10 Nisan 2025

Anayasa’ya aykırı iddianame

Türkiye’de yargı “bağımsız” deniliyor ama esasen şu andaki tablo yargının “Anayasa’dan bağımsız, iktidara bağımlı olduğunu” gösteriyor. İmamoğlu’na adliye eliyle kurulan siyasi kumpası protesto etmek için gösterilere katılanlardan 819 kişi hakkında dava açılması ve bu cezaların istenmesinin nedeni de budur

İstanbul Cumhuriyet Başsavcılığı, Ekrem İmamoğlu’na adliye eliyle kurulan siyasi kumpası protesto etmek için gösterilere katılanlardan 819 kişi hakkında dava açtı. Bunların 278’i tutuklu olarak cezaevinde.

“Yatarı olmayan suç için niye cezaevindeler” diye sormayın.

Bu dönemin hukuk vicdanı böyle de ondan.

Savcılığın iddianamesine göre bu davanın açılma nedeni “kanuna aykırı toplantı ve yürüyüşlere silahsız katılarak ihtara rağmen kendiliğinden dağılmama” suçunu işledikleri iddiası.

Toplantı ve yürüyüşlerin kanuna aykırı olduğuna kim karar vermiş derseniz yanıtı şu: Yetkisiz bir organın kararı!

Yetkisiz çünkü Anayasal bir hakkın kullanımı, Valiliğin kararıyla engellenemez.

Anayasa’nın 34. maddesinde açıkça yazıyor:

“Herkes önceden izin almadan silahsız ve saldırısız toplantı ve gösteri yürüyüşü düzenleme hakkına sahiptir.”

Yani iddianame daha başından itibaren “ben Anayasa’ya aykırıyım” diye bağırıyor. Duymak istiyorsanız tabii.

Valinin ve emrindeki güvenlik güçlerinin görevi, “silahsız ve saldırısız” olarak bu hakkı kullanmak isteyenlerin, haklarını huzur içinde kullanmalarını sağlamak.

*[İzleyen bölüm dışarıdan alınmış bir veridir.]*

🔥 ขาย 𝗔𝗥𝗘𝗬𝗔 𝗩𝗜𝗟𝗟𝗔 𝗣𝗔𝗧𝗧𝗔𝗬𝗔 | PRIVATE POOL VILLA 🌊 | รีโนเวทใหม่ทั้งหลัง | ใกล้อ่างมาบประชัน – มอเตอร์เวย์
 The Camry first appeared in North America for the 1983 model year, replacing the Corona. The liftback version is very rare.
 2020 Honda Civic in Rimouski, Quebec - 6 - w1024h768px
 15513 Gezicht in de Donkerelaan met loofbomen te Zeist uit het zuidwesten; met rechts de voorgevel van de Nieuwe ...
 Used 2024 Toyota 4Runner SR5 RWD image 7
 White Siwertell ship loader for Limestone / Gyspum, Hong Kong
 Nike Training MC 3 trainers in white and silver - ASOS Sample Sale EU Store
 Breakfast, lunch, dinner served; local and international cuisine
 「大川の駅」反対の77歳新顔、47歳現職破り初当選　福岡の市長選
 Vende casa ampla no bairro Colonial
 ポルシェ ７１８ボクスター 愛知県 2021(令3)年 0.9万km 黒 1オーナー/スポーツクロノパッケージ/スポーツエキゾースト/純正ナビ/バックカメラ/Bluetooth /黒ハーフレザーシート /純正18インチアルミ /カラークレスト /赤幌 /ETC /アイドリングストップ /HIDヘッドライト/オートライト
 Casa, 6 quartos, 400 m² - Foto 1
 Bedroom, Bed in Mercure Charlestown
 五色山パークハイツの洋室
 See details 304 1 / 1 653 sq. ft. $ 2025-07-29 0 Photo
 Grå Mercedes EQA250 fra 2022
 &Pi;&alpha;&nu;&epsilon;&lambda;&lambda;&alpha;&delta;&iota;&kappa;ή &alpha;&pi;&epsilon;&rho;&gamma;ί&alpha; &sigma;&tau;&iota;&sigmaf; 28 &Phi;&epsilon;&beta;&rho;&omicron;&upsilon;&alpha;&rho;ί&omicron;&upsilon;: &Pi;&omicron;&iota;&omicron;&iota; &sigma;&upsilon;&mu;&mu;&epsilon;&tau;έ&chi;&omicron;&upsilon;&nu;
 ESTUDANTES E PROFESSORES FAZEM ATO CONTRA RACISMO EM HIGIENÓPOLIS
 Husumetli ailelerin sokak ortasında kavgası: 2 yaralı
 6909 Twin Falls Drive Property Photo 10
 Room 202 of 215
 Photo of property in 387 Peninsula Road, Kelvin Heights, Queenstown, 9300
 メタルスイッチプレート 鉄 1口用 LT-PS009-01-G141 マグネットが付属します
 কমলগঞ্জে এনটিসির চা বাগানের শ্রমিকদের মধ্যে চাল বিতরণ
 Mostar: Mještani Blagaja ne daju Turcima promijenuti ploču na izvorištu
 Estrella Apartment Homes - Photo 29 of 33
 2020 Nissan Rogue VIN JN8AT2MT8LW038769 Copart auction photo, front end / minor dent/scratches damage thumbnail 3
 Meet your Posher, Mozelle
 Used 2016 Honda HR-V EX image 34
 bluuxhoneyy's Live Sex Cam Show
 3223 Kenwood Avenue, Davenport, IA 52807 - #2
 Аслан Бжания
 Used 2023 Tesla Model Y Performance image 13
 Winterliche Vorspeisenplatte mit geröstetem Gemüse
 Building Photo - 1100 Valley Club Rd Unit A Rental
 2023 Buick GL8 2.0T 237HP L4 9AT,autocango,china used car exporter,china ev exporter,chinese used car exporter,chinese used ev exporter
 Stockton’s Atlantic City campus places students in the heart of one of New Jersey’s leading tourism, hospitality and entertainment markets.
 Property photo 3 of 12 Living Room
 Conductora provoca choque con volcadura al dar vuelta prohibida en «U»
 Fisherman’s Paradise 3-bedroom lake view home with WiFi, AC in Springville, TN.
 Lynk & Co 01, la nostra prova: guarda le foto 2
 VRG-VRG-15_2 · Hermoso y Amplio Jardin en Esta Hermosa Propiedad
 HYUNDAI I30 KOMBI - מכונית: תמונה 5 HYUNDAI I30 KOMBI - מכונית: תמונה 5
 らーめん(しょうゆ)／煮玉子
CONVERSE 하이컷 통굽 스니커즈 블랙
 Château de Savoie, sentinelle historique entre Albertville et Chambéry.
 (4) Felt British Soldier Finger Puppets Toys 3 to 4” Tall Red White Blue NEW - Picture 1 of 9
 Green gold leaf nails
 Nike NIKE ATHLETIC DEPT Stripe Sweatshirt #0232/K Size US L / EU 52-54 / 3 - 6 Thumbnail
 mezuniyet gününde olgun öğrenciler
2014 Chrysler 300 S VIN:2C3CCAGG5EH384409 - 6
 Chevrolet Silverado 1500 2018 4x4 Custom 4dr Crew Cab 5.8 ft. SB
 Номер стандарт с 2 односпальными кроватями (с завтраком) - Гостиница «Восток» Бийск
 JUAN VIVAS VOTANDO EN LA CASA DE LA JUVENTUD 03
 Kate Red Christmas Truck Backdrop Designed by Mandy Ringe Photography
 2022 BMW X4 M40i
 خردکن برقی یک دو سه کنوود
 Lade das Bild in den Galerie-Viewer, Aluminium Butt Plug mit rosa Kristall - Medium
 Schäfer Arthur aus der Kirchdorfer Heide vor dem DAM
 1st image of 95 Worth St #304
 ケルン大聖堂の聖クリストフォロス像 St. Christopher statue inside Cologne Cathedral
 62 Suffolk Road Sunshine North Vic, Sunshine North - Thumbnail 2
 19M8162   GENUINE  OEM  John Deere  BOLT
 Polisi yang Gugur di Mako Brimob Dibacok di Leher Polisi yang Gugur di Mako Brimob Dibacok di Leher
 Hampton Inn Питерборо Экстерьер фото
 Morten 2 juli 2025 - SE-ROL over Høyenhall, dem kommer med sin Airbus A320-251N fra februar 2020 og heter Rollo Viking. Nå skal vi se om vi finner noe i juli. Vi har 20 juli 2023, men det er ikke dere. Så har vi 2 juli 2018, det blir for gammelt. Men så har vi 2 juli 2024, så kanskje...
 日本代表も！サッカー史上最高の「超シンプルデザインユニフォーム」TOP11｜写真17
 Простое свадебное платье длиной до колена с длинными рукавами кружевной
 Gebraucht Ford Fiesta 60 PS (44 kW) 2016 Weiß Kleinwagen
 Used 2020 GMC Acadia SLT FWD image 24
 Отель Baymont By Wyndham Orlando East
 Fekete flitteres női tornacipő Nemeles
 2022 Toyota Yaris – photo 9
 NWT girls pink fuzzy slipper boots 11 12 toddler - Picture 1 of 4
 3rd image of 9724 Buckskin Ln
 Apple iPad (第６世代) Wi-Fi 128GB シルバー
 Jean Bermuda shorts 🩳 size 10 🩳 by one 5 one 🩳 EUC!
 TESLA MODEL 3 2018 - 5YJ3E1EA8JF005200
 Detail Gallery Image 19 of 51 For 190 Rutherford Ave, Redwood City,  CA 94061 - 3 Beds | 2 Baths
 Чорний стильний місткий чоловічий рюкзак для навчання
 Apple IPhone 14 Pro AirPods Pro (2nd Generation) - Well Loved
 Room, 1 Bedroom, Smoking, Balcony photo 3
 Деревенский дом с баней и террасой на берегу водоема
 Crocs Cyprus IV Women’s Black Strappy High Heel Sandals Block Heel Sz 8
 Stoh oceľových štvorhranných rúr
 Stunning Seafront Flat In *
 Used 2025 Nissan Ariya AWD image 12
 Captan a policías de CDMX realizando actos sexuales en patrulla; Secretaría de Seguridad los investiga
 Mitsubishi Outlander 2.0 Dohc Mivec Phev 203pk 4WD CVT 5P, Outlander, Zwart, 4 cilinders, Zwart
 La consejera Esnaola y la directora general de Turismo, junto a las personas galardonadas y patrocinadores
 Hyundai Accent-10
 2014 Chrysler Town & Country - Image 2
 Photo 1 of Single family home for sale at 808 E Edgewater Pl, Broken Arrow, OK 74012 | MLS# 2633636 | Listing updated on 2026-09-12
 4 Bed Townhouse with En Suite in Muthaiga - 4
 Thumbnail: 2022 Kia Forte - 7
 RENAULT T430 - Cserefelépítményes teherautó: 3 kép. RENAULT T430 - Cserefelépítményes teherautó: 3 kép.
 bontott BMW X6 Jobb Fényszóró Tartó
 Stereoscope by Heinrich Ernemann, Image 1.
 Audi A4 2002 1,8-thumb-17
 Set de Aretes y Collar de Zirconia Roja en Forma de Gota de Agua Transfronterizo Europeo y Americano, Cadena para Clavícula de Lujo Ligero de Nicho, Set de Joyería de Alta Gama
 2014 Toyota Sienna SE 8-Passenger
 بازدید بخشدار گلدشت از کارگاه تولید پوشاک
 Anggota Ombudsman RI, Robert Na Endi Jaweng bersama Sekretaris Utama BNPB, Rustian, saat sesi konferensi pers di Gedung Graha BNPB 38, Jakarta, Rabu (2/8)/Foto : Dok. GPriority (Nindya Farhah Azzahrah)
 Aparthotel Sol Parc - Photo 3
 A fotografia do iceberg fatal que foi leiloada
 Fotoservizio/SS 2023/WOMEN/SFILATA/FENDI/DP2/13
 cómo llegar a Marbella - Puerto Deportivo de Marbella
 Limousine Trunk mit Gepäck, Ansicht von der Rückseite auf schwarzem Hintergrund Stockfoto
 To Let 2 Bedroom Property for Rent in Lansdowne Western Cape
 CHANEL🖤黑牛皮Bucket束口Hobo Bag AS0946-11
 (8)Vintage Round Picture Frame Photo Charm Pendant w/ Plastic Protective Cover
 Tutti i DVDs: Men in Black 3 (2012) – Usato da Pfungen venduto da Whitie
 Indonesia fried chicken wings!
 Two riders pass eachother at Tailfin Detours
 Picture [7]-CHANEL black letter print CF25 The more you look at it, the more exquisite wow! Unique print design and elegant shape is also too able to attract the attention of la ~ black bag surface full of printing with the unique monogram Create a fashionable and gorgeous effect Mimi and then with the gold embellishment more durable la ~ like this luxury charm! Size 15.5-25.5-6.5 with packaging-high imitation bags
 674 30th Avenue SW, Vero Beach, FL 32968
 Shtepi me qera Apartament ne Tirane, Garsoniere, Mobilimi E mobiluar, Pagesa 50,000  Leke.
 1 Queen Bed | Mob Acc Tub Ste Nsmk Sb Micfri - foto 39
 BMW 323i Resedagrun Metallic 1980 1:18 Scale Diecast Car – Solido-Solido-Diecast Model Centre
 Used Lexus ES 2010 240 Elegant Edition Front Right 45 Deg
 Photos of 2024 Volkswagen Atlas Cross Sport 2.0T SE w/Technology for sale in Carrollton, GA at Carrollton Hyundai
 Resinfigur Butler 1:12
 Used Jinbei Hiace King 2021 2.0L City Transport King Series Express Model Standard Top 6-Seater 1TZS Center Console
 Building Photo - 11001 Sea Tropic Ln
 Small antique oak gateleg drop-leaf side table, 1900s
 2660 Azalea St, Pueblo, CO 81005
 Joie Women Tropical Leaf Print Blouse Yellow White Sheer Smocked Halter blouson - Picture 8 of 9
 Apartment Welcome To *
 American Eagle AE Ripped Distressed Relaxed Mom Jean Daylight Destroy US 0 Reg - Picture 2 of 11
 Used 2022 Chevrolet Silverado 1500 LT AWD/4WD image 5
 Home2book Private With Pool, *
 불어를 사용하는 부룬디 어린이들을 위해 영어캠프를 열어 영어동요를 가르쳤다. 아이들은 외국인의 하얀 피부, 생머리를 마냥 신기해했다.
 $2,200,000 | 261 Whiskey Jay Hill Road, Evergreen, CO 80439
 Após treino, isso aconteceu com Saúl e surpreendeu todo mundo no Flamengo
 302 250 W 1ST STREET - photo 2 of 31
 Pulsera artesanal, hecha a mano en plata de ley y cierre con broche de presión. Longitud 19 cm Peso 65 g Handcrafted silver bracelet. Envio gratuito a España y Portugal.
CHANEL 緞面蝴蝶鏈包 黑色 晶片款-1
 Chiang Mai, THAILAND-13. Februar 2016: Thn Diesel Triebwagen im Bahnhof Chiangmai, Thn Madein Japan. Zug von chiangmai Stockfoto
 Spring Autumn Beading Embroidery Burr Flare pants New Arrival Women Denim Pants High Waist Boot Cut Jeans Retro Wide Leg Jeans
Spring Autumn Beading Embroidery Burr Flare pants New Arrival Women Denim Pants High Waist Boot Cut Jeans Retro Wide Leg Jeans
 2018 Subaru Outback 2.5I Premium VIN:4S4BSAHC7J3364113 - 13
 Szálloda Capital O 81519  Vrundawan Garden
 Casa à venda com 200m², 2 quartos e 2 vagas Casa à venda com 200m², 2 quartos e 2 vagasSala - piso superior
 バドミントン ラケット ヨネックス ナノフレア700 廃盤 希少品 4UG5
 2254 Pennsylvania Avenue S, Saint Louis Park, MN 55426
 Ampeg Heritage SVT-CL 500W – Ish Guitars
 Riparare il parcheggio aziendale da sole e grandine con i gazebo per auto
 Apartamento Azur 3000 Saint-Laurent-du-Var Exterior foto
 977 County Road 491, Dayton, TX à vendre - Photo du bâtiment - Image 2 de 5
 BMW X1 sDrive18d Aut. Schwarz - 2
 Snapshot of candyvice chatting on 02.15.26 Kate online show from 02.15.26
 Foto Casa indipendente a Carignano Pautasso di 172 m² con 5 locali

Vali ve emrindeki emniyet güçleri bunun dışına çıkarlarsa Anayasa’yı çiğnemiş oluyorlar.

Nitekim savcının iddianamesinde bile yazılı ki gösteriye katılanlar “silahsız!”

“İhtara rağmen kendiliğinden dağılmamak” gibi bir suç yok.

Çünkü Vali’nin ve emrindeki polisin böyle bir “ihtarda bulunup, Anayasal hakkın kullanılmasını engelleme yetkisi” yok.

Kaldı ki söz konusu silahsız kitlenin bir bölümü, demokratik protesto hakkını kullandıktan sonra kendiliğinden dağılırken polisin şiddetine maruz kaldı.

Yasal olmayan şiddete karşı direnmek bir haktır.

Kimse yasa dışı emirlere uymak zorunda değil. Zaten orada görevli olan polisler de amirlerinin verdiği bu yasa dışı emre uymamalıydı.

Polis, Anayasa ve kanunlar çerçevesinde görevinin sınırları içinde kalsaydı, o iğrenç şiddet görüntülerinin hiçbiri yaşanmazdı.

Burada dava açılması gerekenler başta İstanbul Valisi olmak üzere Emniyet Müdürü ve miting alanında görevli polislerin sıralı amirleri olmalıydı.

Türkiye’de yargı “bağımsız” deniliyor ama esasen şu andaki tablo yargının “Anayasa’dan bağımsız, iktidara bağımlı olduğunu” gösteriyor.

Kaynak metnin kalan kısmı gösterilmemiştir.